REPUBLIKA.CO.ID, JAKARTA -- Pemegang saham pengendali Bank Dagang Negara Indonesia (BDNI) Sjamsul Nursalim dan istri Itjih Nursalim kembali mangkir panggilan pemeriksaan penyidik Komisi Pemberantasan Korupsi (KPK).
Sedianya, Sjamsul dan istri dijadwalkan menjalani pemeriksaan sebagai tersangka kasus korupsi penerbitan surat keterangan lunas (SKL) Bantuan Likuiditas Bank Indonesia (BLBI) terhadap BDNI.
"Belum diperoleh informasi alasan ketidakhadiran keduanya," ujar Kabag Pemberitaan dan Publikasi Yuyuk Andriari saat dikonfirmasi, Jumat (28/6).
Sebelumnya, Juru Bicara KPK Febri Diansyah menyatakan tak ada alasan bagi Sjamsul dan Itjih tak menghadiri panggilan pemeriksaan. Sebab, tim lembaga antirasuah sudah mengirimkan surat pemanggilan ke lima alamat rumah milik Sjamsul dan Itjih di Indonesia dan Singapura.

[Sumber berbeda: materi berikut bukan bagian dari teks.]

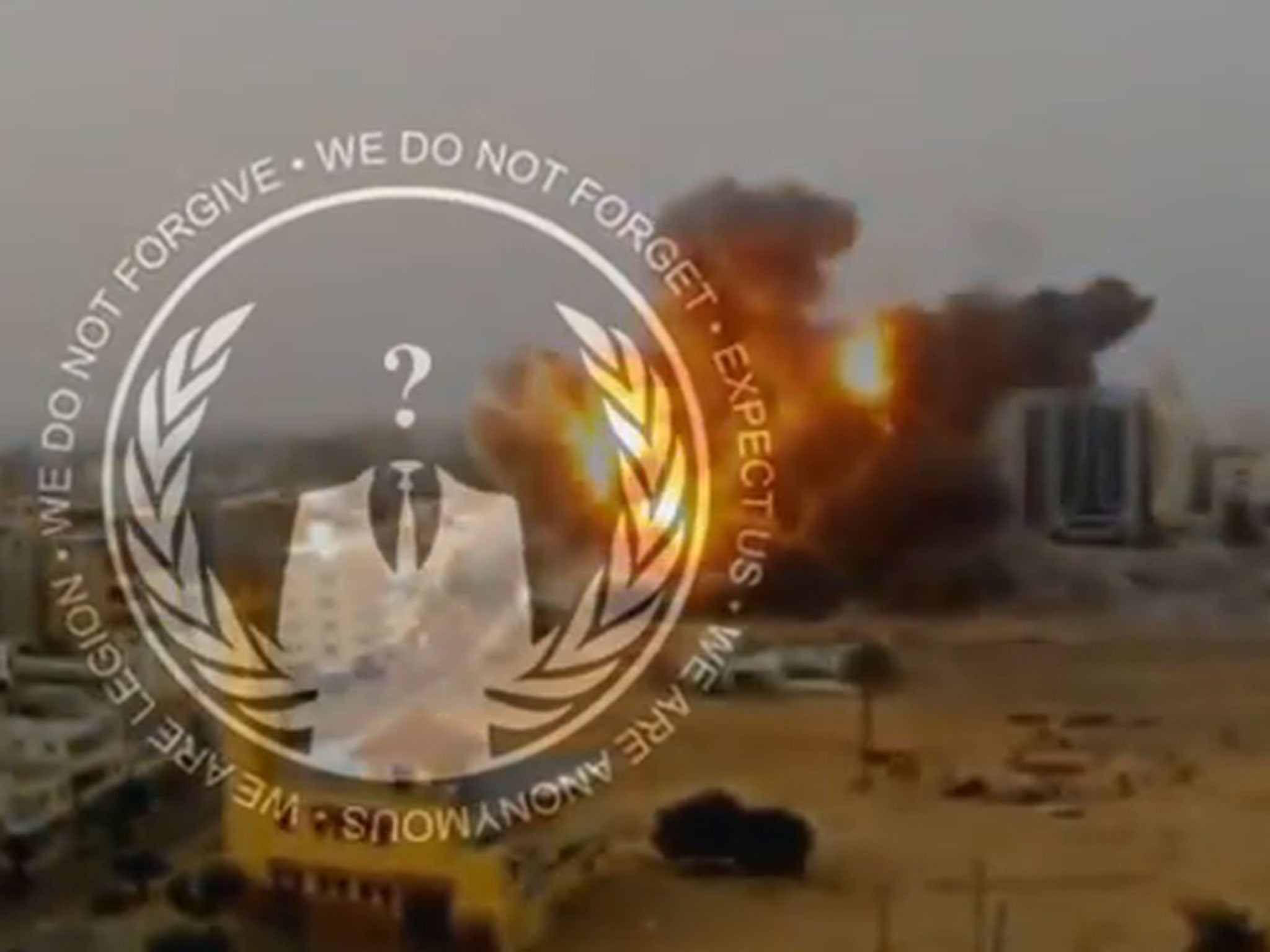 A screengrab from the video posted online by Anonymous, warning of a cyberattack on Israel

Febri mengatakan, untuk alamat di Indonesia, tim KPK mengirimkan surat panggilan pemeriksaan ke rumah para tersangka di Simprug, Grogol Selatan, Kebayoran, Jakarta Selatan sejak Kamis, 20 Juni 2019.
"Untuk alamat di Singapura, KPK mengirimkan surat panggilan pemeriksaan melalui Kedutaan Besar Republik Indonesia, ke empat alamat, sejak Jumat, 21 Juni 2019, yaitu: 20 Cluny Road; Giti Tire Plt. Ltd. (Head Office) 150 Beach Road, Gateway West; 9 Oxley Rise, The Oaxley dan 18C Chatsworth Rd," tutur Febri kemarin.

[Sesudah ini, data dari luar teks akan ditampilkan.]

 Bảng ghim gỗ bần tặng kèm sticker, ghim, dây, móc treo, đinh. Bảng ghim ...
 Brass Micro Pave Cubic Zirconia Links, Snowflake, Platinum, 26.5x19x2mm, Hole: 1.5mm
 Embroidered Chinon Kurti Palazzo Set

Selain mengantarkan surat panggilan pemeriksaan tersebut, KPK juga meminta Kedutaan Besar Republik Indonesia mengumumkannya di papan pengumuman kantor KBRI Singapura. "Upaya pemanggilan tersangka juga dilakukan dengan bantuan Corrupt Practices Investigation Bureau (CPIB), Singapura," ujar Febri.
Sjamsul dan Itjih diduga melakukan misrepresentasi terkait dengan piutang petani petambak sebesar Rp4,8 triliun. Misrepresentasi tersebut diduga telah mengakibatkan kerugian keuangan negara sebesar Rp4,58 triliun.

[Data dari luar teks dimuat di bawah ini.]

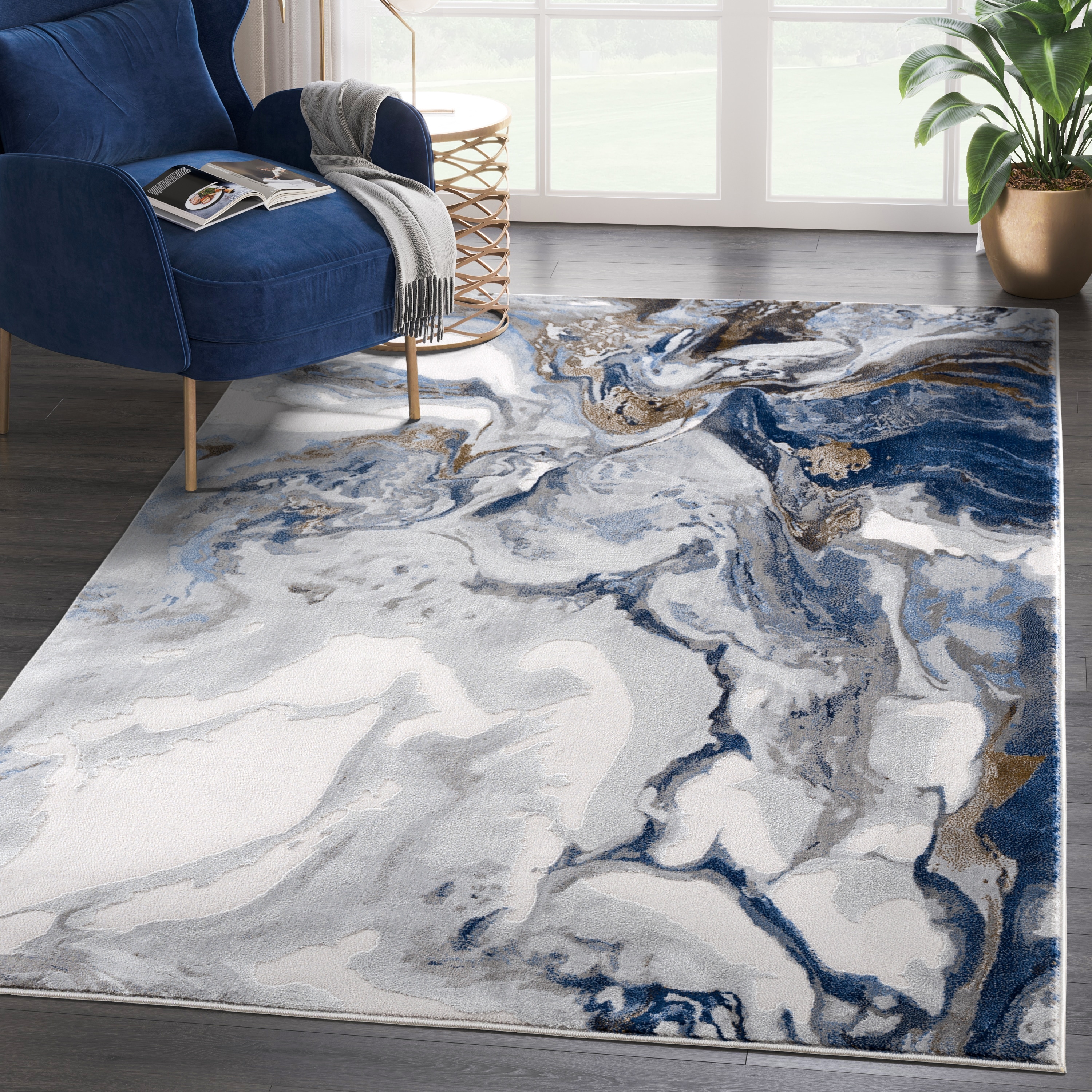 Abani Rugs Regal REG140A Abstract Grey Blue Area Rug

Pasalnya, saat dilakukan Financial Due Dilligence (FDD) dan Legal Due Dilligence (LDD) disimpulkan bahwa aset tersebut tergolong macet dan hanya memiliki hak tagih sebesar Rp220 miliar.
Atas perbuatan tersebut, keduanya disangka melanggar Pasal 2 ayat (1) atau Pasal 3 Undang-undang Nomor 31 Tahun 1999 sebagaimana telah diubah dengan Undang-undang Nomor 20 Tahun 2001 tentang Pemberantasan Tindak Pidana Korupsi juncto Pasal 55 ayat (1) ke-1 KUHP.